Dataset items
════════════════════
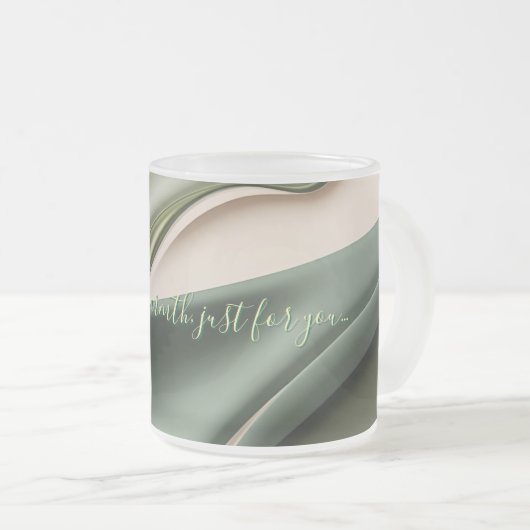 Mug en verre dépoli dans graphique élégant (Devant droit)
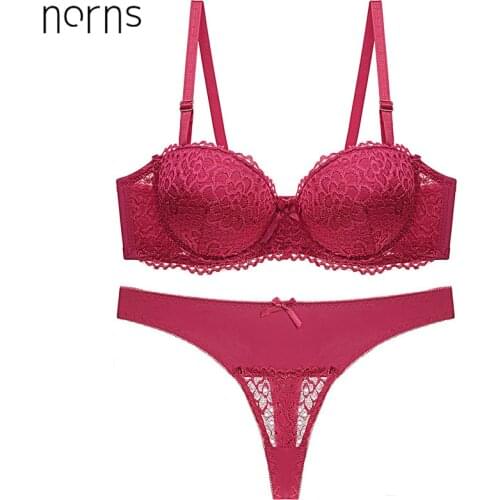Norns Womens Lingerie Winter New Arrival Wireless Lace Push-up Bra Sexy Intimates Bra Set Underwear Lace Lingerie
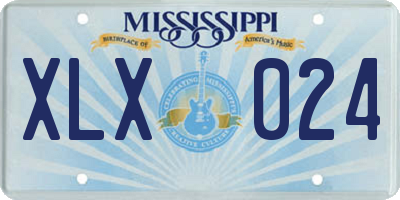 MS license plate XLX024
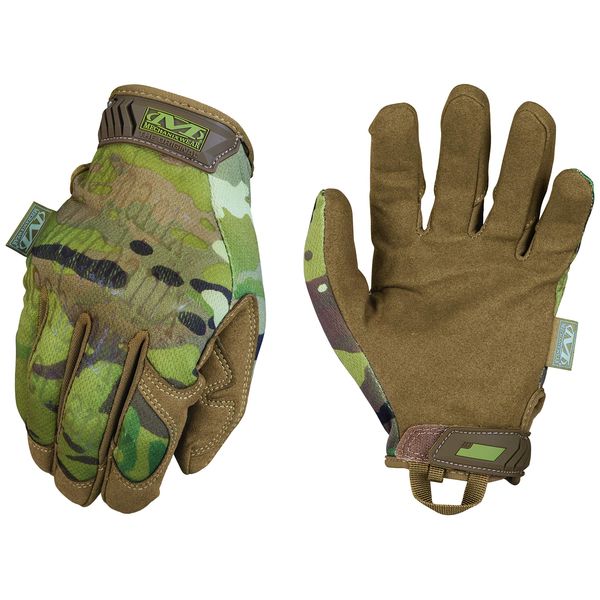 Mechanix Wear: The Original Tactical Work Gloves with Secure Fit, Flexible Grip for Multi-Purpose Use, Durable Touchscreen Safety Gloves for Men (Camouflage - MultiCam, Medium)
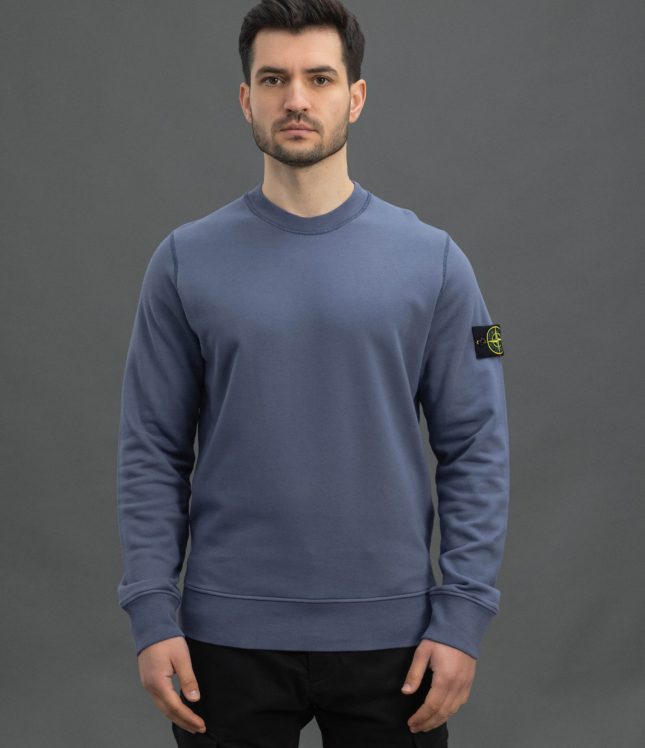 Чоловічий світшот STONE ISLAND 1563051 V0046, колір синій | Ціна 12399 грн, фото 2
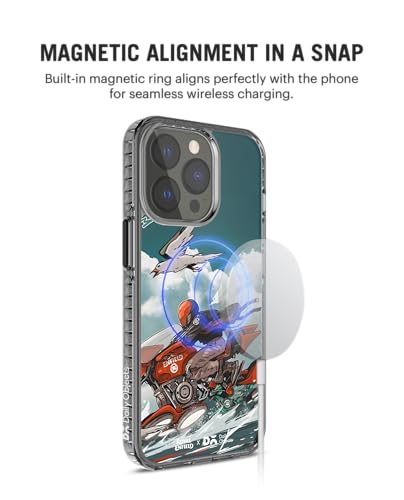Image of DailyObjects Freedom Life Freedom Ride Stride 2.0 Magnetic Case Cover Compatible with iPhone 14 Pro Max | Wireless Charging Slim Back Cover | 2 Layer Edge Protection & Shockproof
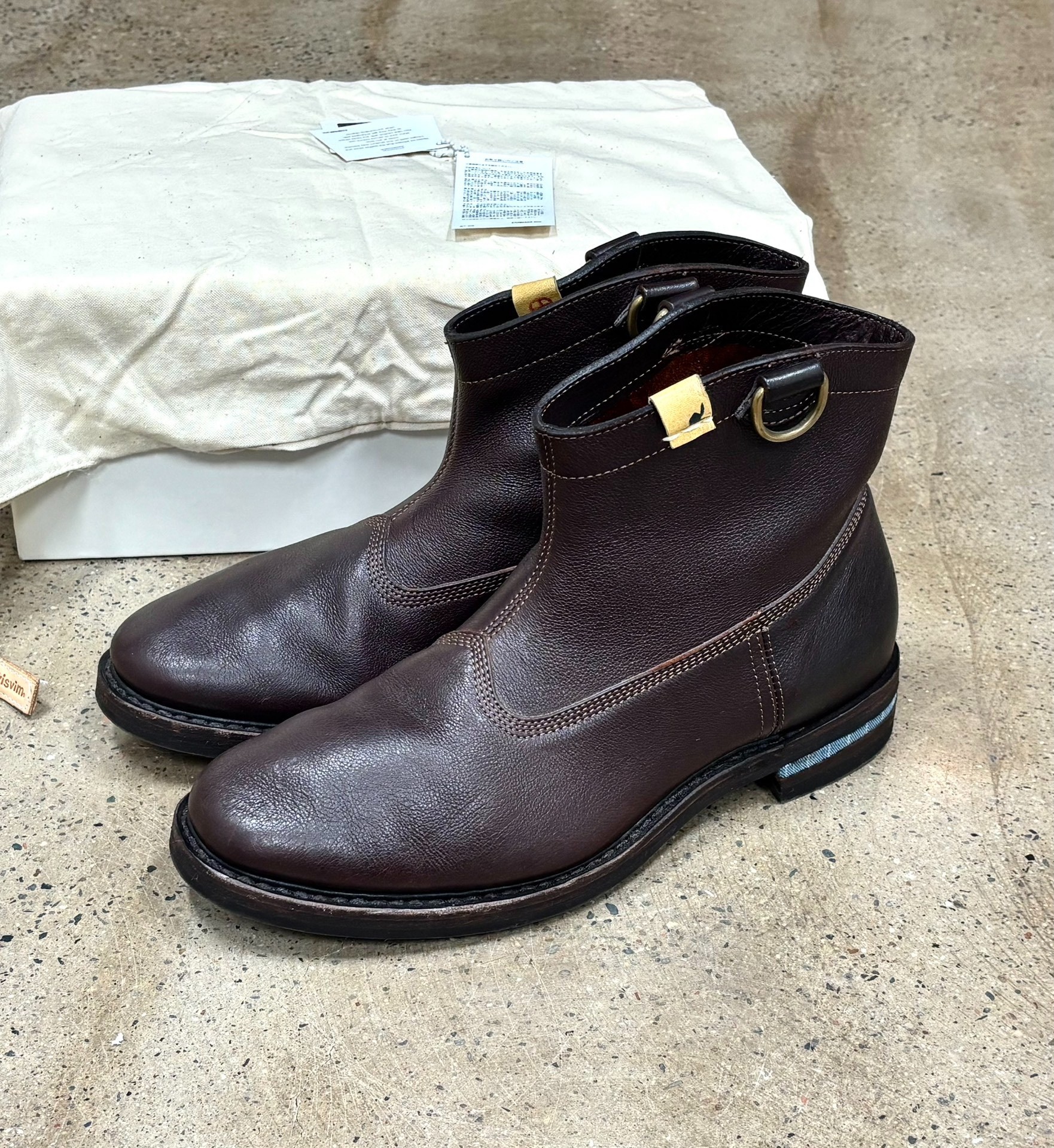 Visvim D-Ring Dark Brown Leather Boots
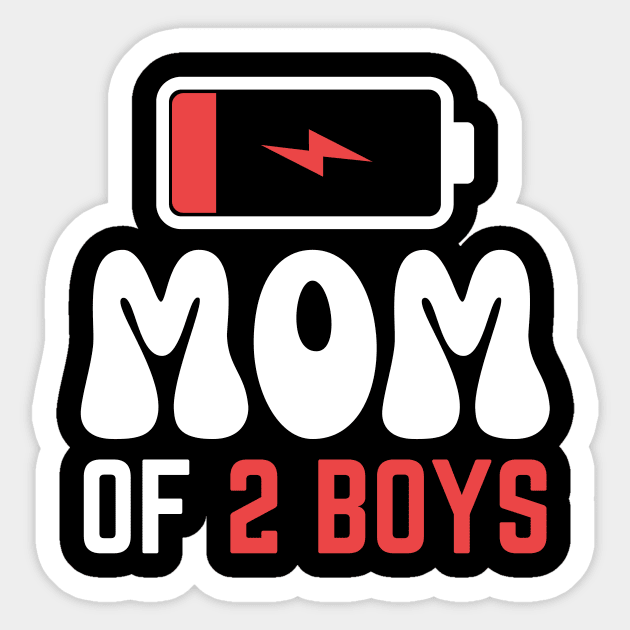 Mom of 2 boys Sticker by Teewyld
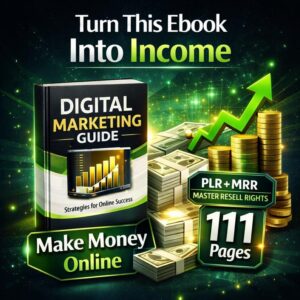 111-Page Make Money Online eBook | Editable Canva PLR + MRR Digital Product for Passive Income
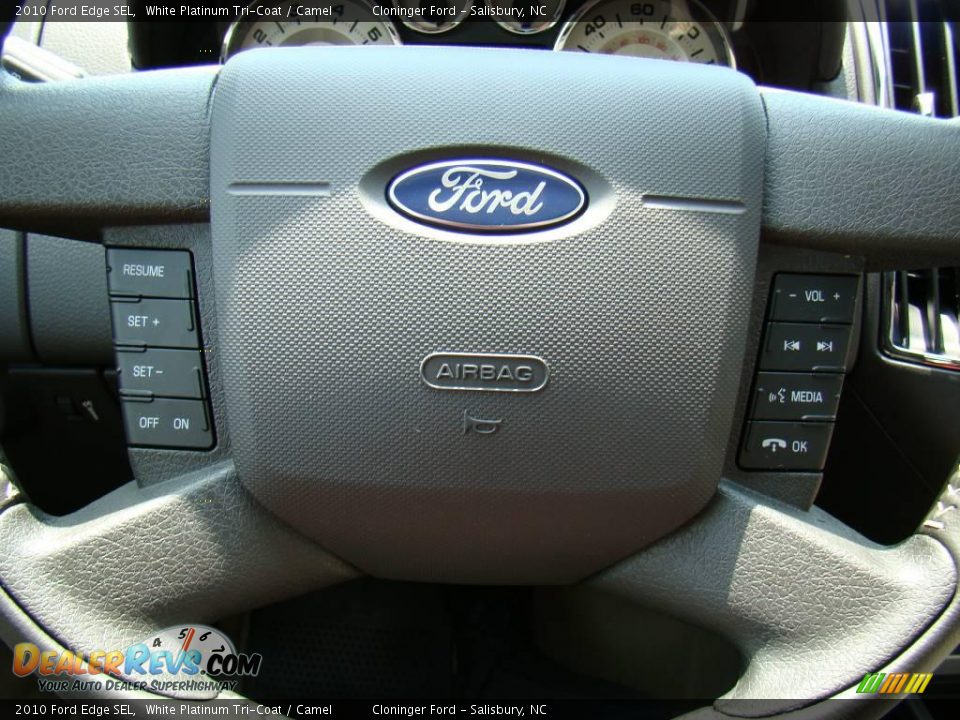 2010 Ford Edge SEL White Platinum Tri-Coat / Camel Photo #30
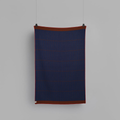 Røros Tweed Kassett Pledd Dark Blue Reddish Brown Norway Designs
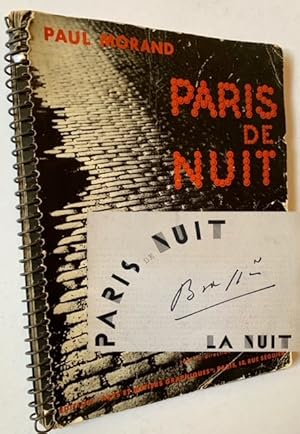 Seller image for Paris de Nuit: 60 Photos Inedites de Brassai (Signed by Brassai) for sale by APPLEDORE BOOKS, ABAA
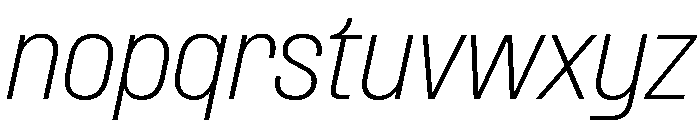 Formula Semi Condensed Thin Italic 2 Font LOWERCASE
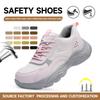 Women's Lightweight Anti-smash, Anti-puncture Work Safety Shoes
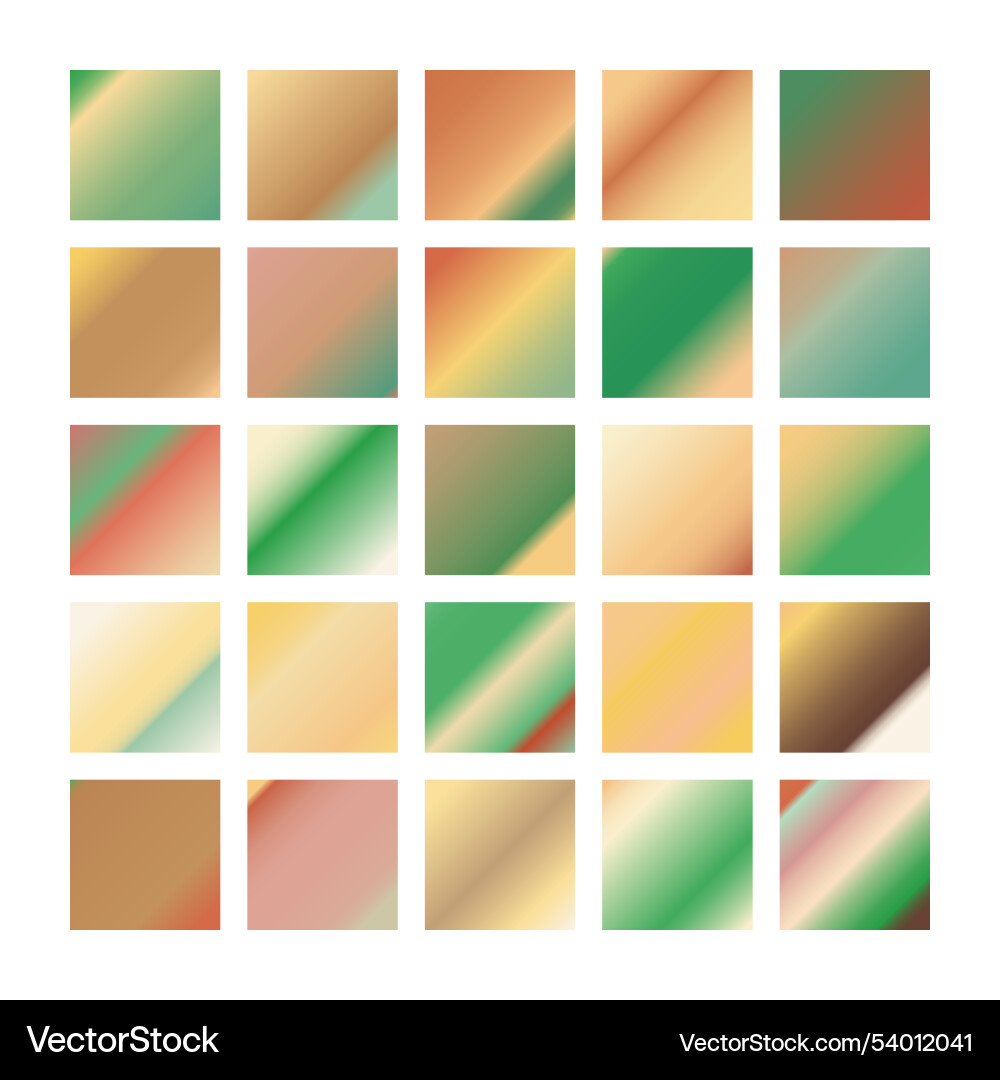 Mobile screen lock display collection of colorful Vector Image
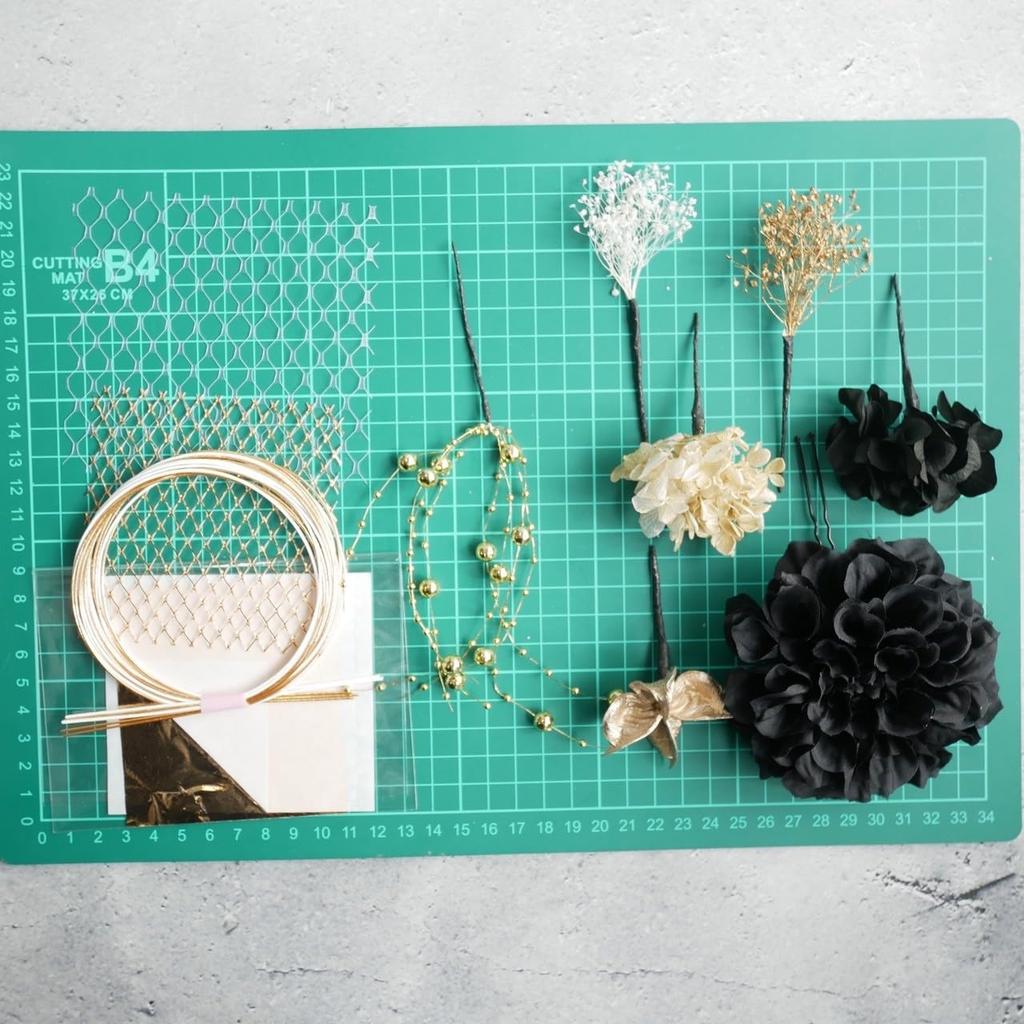 [Lomeri] Dahlia Hair Ornament with Pearl Shower - Perfect for Coming-of-Age Ceremony, Graduation Ceremony, Pre-Wedding Photoshoot, Wedding, Mizuhiki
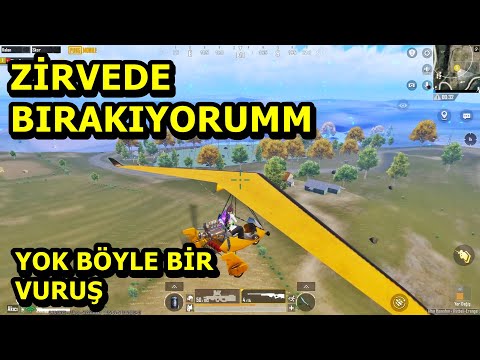 ZİRVEDE BIRAKIYORUM ! YOK BÖYLE BİR VURUŞ BATUR GAME SOLO SQUAD PUBG MOBİLE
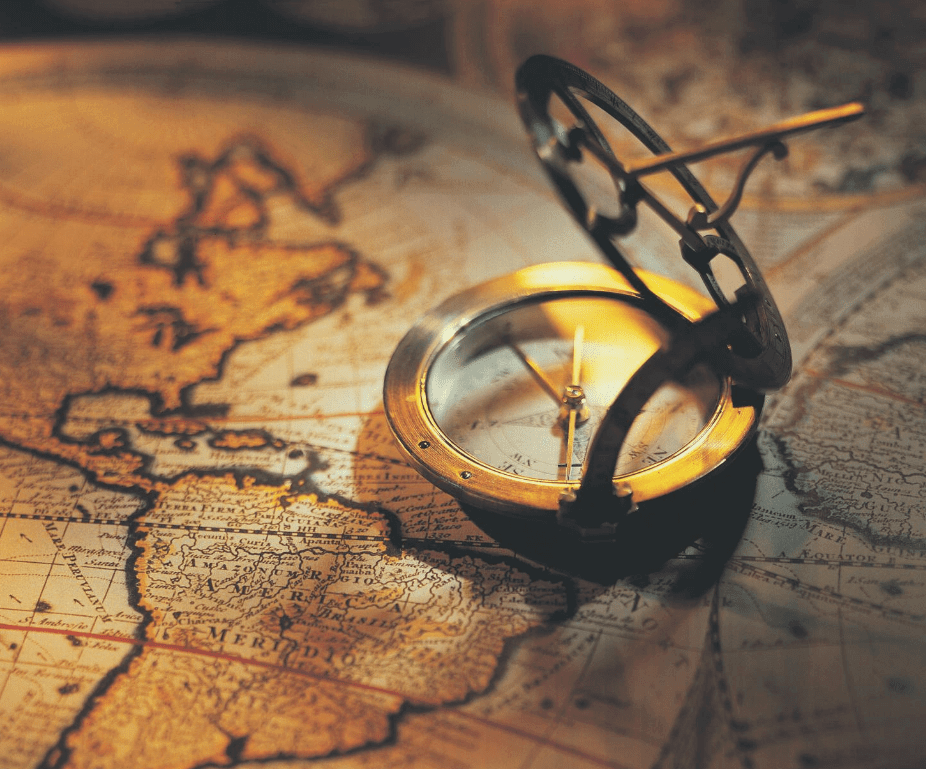 particuliers-boussole sur map monde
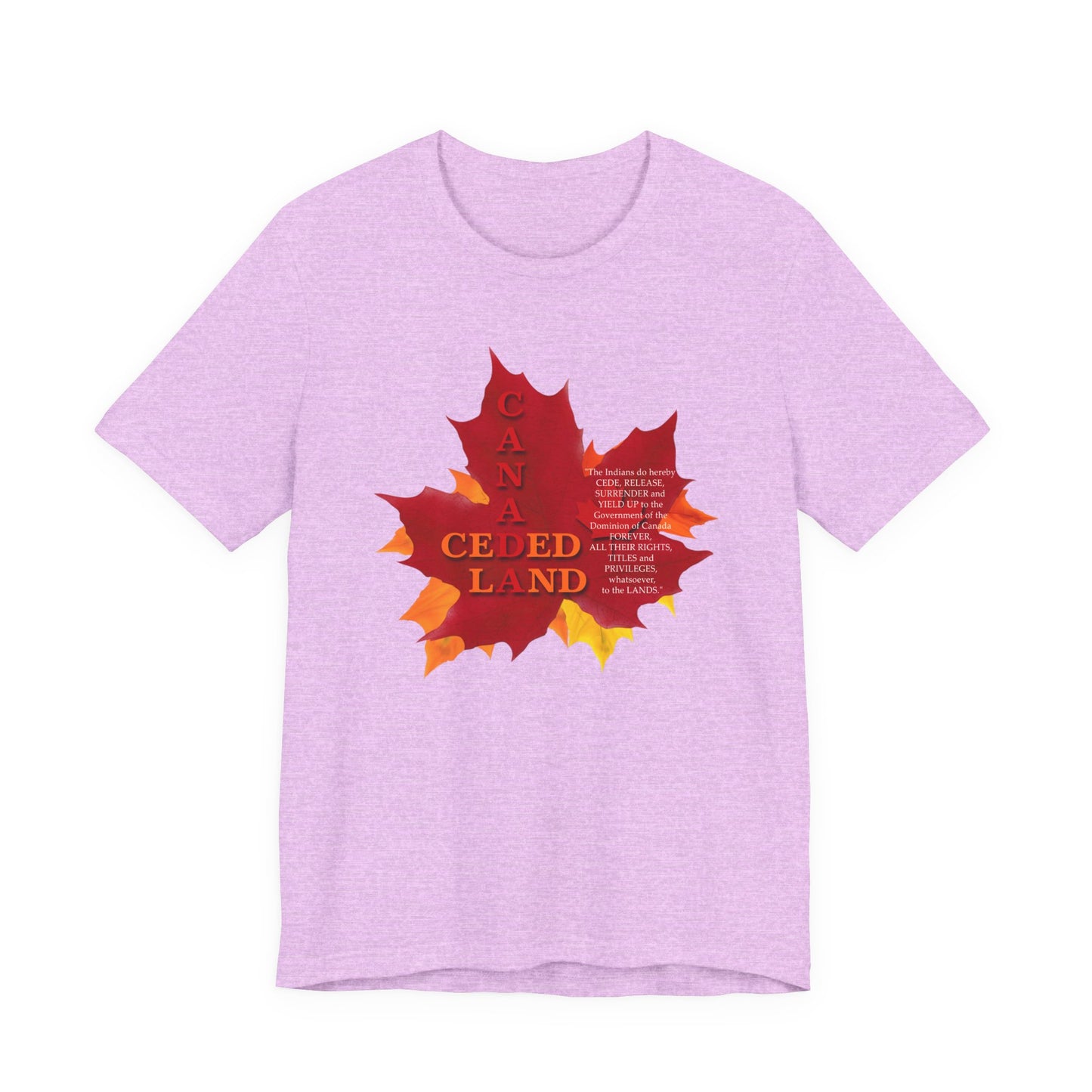 Canada Ceded Land T-Shirt Short Sleeve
════════════════════
Your objective:
Skip the pictures and print each record exactly as it stands.

Answer area:
 Mug en verre dépoli dans graphique élégant (Devant droit)
Norns Womens Lingerie Winter New Arrival Wireless Lace Push-up Bra Sexy Intimates Bra Set Underwear Lace Lingerie
 MS license plate XLX024
 Mechanix Wear: The Original Tactical Work Gloves with Secure Fit, Flexible Grip for Multi-Purpose Use, Durable Touchscreen Safety Gloves for Men (Camouflage - MultiCam, Medium)
 Чоловічий світшот STONE ISLAND 1563051 V0046, колір синій | Ціна 12399 грн, фото 2
Image of DailyObjects Freedom Life Freedom Ride Stride 2.0 Magnetic Case Cover Compatible with iPhone 14 Pro Max | Wireless Charging Slim Back Cover | 2 Layer Edge Protection & Shockproof
 Visvim D-Ring Dark Brown Leather Boots
 Mom of 2 boys Sticker by Teewyld
 111-Page Make Money Online eBook | Editable Canva PLR + MRR Digital Product for Passive Income
 2010 Ford Edge SEL White Platinum Tri-Coat / Camel Photo #30
 Røros Tweed Kassett Pledd Dark Blue Reddish Brown Norway Designs
 Seller image for Paris de Nuit: 60 Photos Inedites de Brassai (Signed by Brassai) for sale by APPLEDORE BOOKS, ABAA
 Formula Semi Condensed Thin Italic 2 Font LOWERCASE
 Women's Lightweight Anti-smash, Anti-puncture Work Safety Shoes
 Mobile screen lock display collection of colorful Vector Image
 [Lomeri] Dahlia Hair Ornament with Pearl Shower - Perfect for Coming-of-Age Ceremony, Graduation Ceremony, Pre-Wedding Photoshoot, Wedding, Mizuhiki
 ZİRVEDE BIRAKIYORUM ! YOK BÖYLE BİR VURUŞ BATUR GAME SOLO SQUAD PUBG MOBİLE
 particuliers-boussole sur map monde
 Canada Ceded Land T-Shirt Short Sleeve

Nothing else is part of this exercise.